Проскочившее поколение | страница 35
Отплытие в море, естественно, не состоялось.
Еще на фронте Лёня стал писать стихи. Были они совсем неплохие, многие всю жизнь пишут не лучше и прекрасно процветают. Как поэта его приняли в Союз писателей. Вышла одна его поэтическая книжка, потом другая. Радуйся, срывай аплодисменты. Но Лиходеев неожиданно порывает с поэзией. Начинает писать фельетоны. И здесь его тоже ожидает громкий успех, он становится первым, лучшим фельетонистом страны. Популярность его огромна. Имя его не сходит с газетных страниц.

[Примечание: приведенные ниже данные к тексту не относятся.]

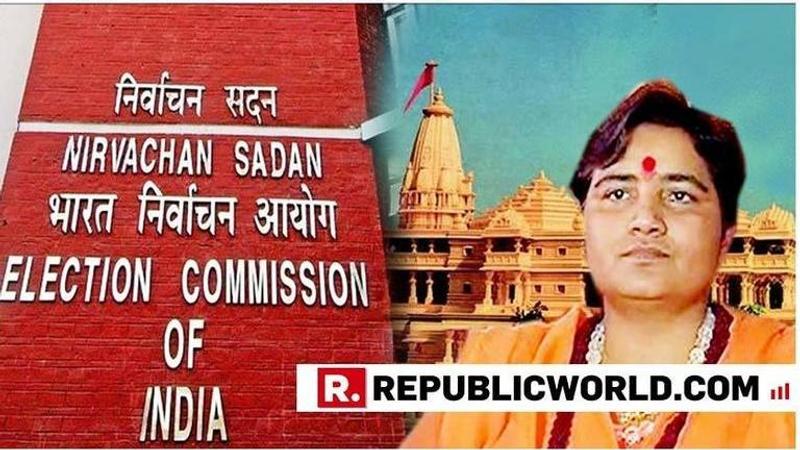 Seeking an explanation, EC issues a notice to Sadhvi Pragya for her remarks over Babri demolition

Однако в декабре 1966 года в журнале «Советская печать» вдруг появляется его статья, озаглавленная: «Лиходеев против Лиходеева». Речь в ней шла о том, что за семь лет до этого Лиходеев напечатал фельетон против стяжательства. Кто только не вытирал тогда ноги об это гнусное, позорное, несовместимое с нашим строем явление, кто, борясь со стяжательством, не наживал себе богатых каменных хором. А Лиходеев, заклеймив стяжательство, крепко задумался. «Мое пионерское прошлое дало себя знать, когда я писал этот фельетон, — признавался он через семь лет. — Детская нетерпимость сделала свое дело… Мы не замечали или не хотели замечать элементарной экономической несуразицы, которую поставляло время…» Он говорил о том, какие беды порождает презрение к частной собственности, как рынок, зашедший в подполье, порождает стихию в таких отвратительных формах, о которых «ни в законе сказать, ни в фельетоне описать…» И сказано это было, повторяю, в 1966-ом, до гайдаровских реформ оставалось еще четверть века.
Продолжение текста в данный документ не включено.